Nine months after belittling the Islamic State as a “JV” terrorist group, President Obama will devote an urgent prime-time address Wednesday to his plan for defeating the suddenly resurgent militants, a strategy that will rely heavily on U.S. partnership with an untested Iraqi government and unproven Syrian rebels.
In a speech from the White House at 9 p.m., Mr. Obama will tell Americans that the Islamic State is now a “high national security priority,” aides said. And the president will try to marshal public and international support for what would likely be a yearslong counterterrorism campaign, launched little more than a year after he declared that the large-scale fight against Islamist terrorism was all but over.
The president briefed House and Senate leaders of both parties at the White House on Tuesday, though it didn’t appear he laid out many specifics. An aide to GOP House Speaker John A. Boehner said the president went over some of the ideas he’s already floated, and a White House statement Tuesday that Mr. Obama believed he had the power to act without congressional approval angered many on Capitol Hill.

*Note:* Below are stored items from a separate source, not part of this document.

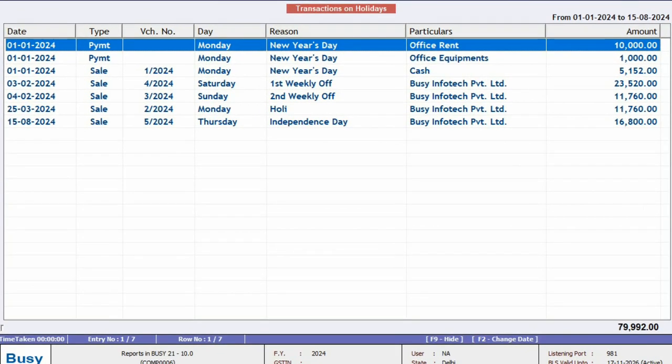After opening the report, you can see all the vouchers that were added on holiday dates. This report is beneficial for auditors.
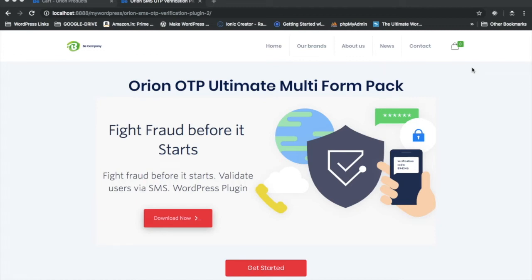Hi guys, I introduce you to the most awaited version of the Orion OTP plugin, which is the Orion OTP Ultimate Multi-Form Plugin. We got a lot of feedback and suggestions from our users who suggested there should be a plugin that allows integrating mobile verification in multiple forms, because some users were using multiple forms.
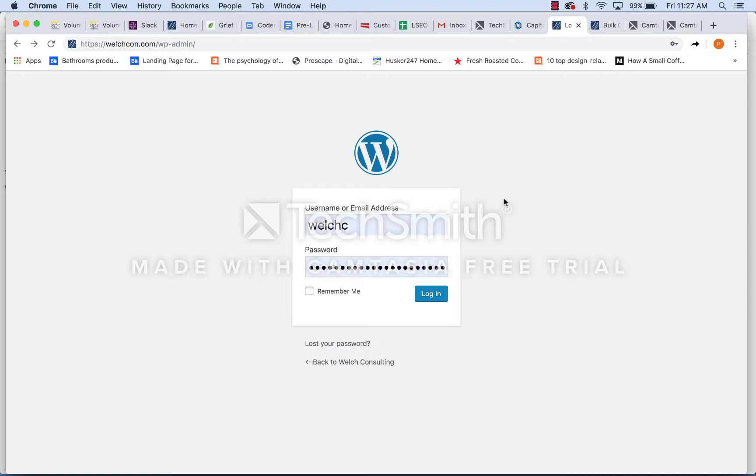So every time you log in, you're going to go up to this address up here. As you can see, welchcon.com slash WP admin. That's going to take you to the login page, username, password, and then you'll be able to log in.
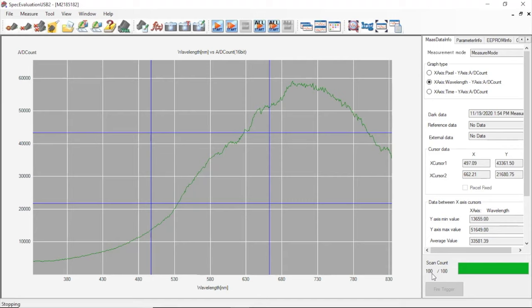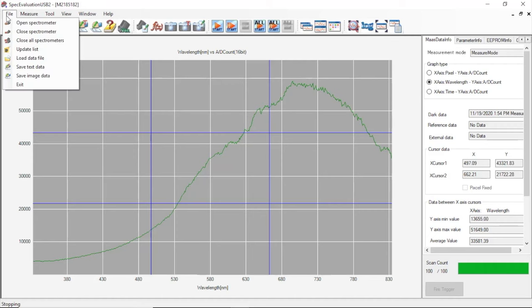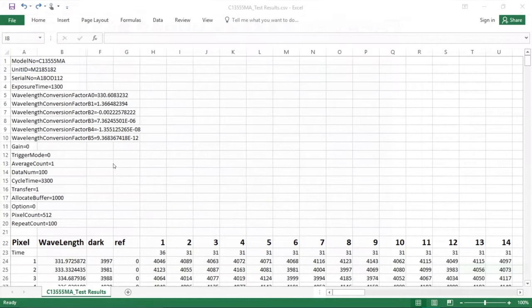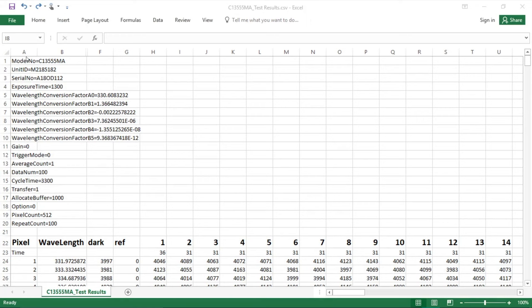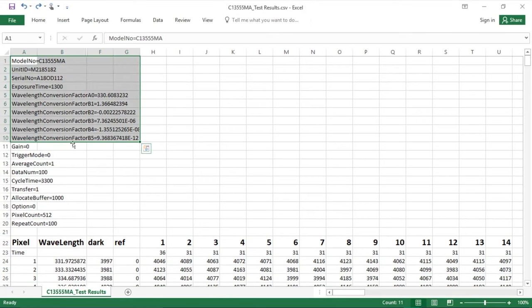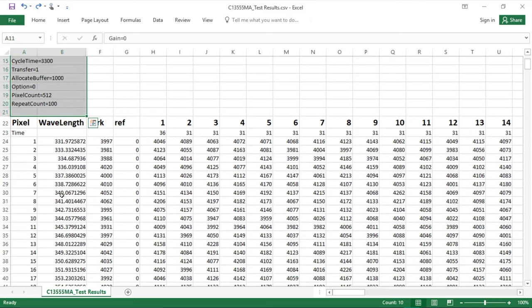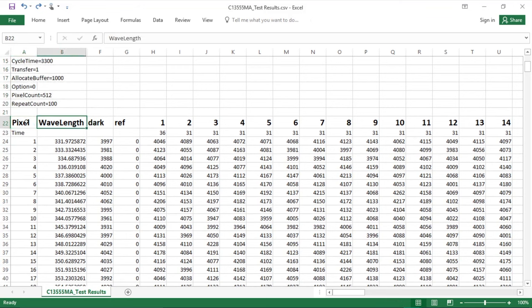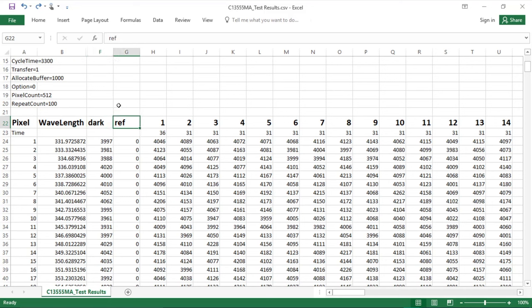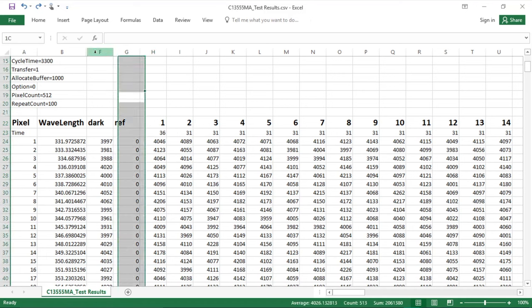We'll start by saving the data we just measured. To do so, go to file and select save text data. Alright, so let's take a look at this data and see what we have. In the top left hand corner we have information on the spectrometer itself. Below that are the parameters for our light measurement. And then below that is the data. This first column represents the pixel number. Next to that is the corresponding wavelength. Next to that is the dark data with each row representing an average of 100 scans. And then next to that is the reference data which we had not taken. Next to that are all 100 light measurement scans.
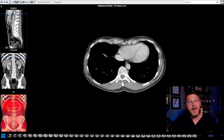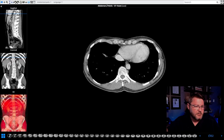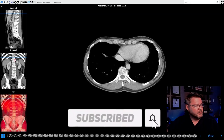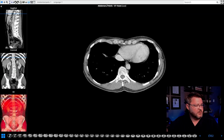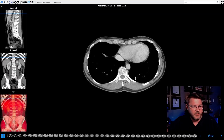Hey everybody, today we're going to go over axial anatomy of the abdomen and pelvis. First, if you look over here, this is the ribcage where we're starting out. You can see the spine and backbone. We're starting way up in the chest — this big black area is the lungs, right in the center is the heart, and you can see bright spots for the ribs and spine.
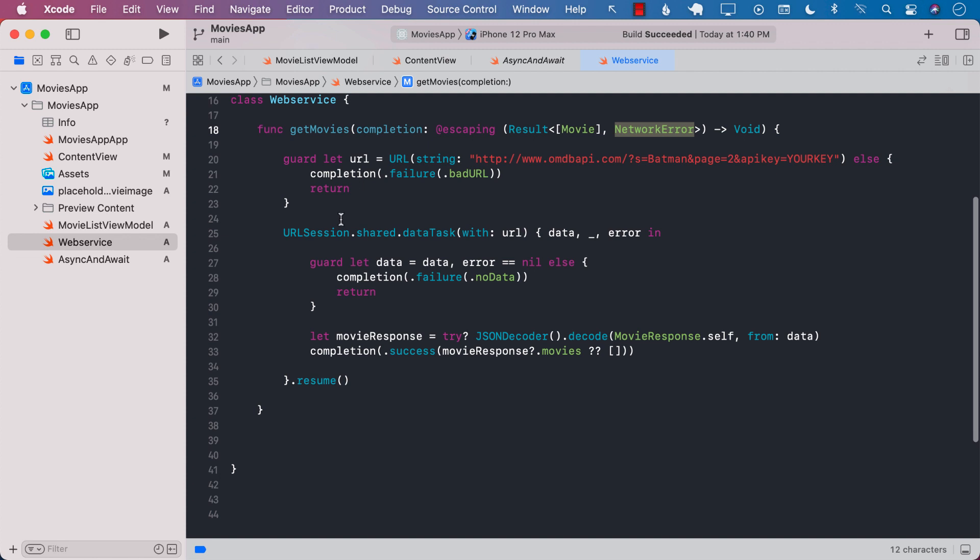However, if the URL is correct then we will use our URL session shared data task with URL. We will get the data, the response which is ignored, and the error.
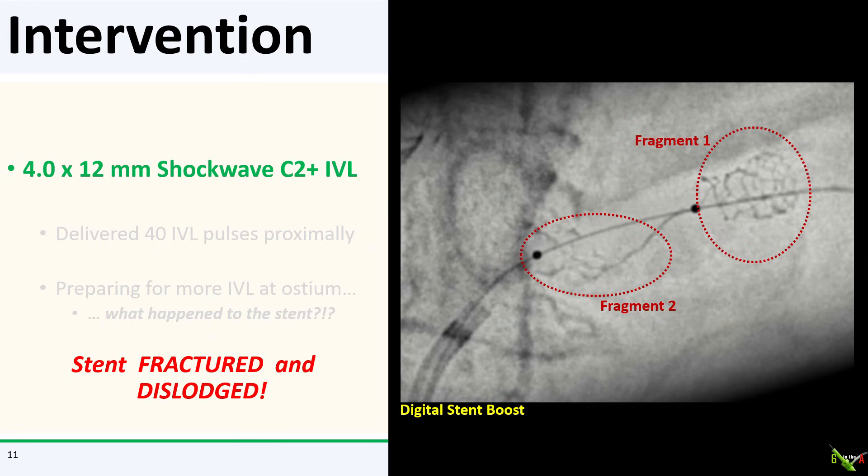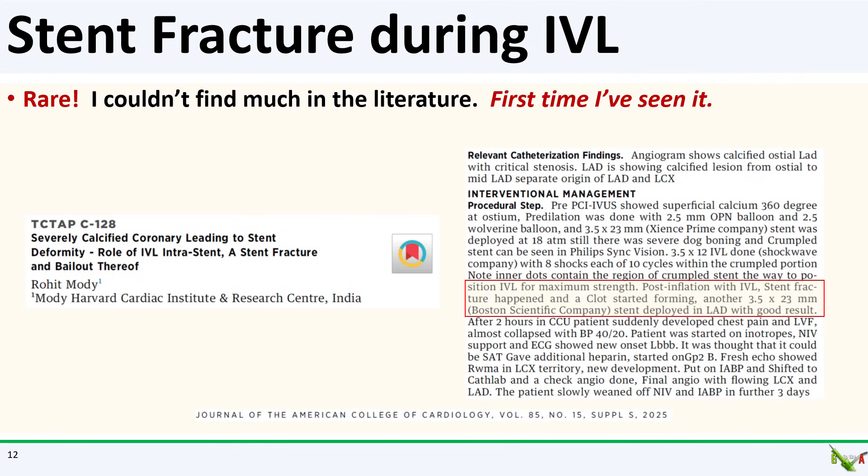Here is what it looks like magnified and on stent boost — really quite striking. I've certainly never seen this before. You can see the two fragments of the stent circled here. Stent fracture during IVL is very rare. I looked around and could not find much in the literature. The only thing I found was an abstract from India, presented at TCT earlier this year, involving stent fracture in the LAD after IVL that resulted in stent thrombosis, which was successfully treated with an overlapping stent.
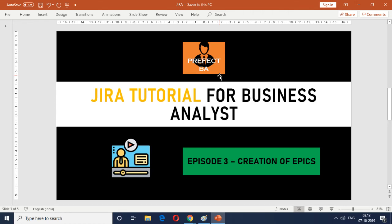Hello there. Welcome to episode 3 of the Jira tutorial for Business Analyst series. In this episode we are going to look at the creation of epics in the Jira tool.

Mr. Obama’s address will have to reconcile his past statements with his present course of action, analysts said.
“It’s going to be a huge challenge for President Obama, version 2014, to disagree with President Obama, version 2013, who suggested that we had won the battle against terrorism,” said Danielle Pletka, a foreign policy and defense analyst at the conservative American Enterprise Institute in Washington.
“With sufficient humility and a genuine strategy, I believe he could persuade the American people of the importance of this mission,” she said. “The question is: Does he have the strategy? Does he have the humility? That’s not entirely clear.”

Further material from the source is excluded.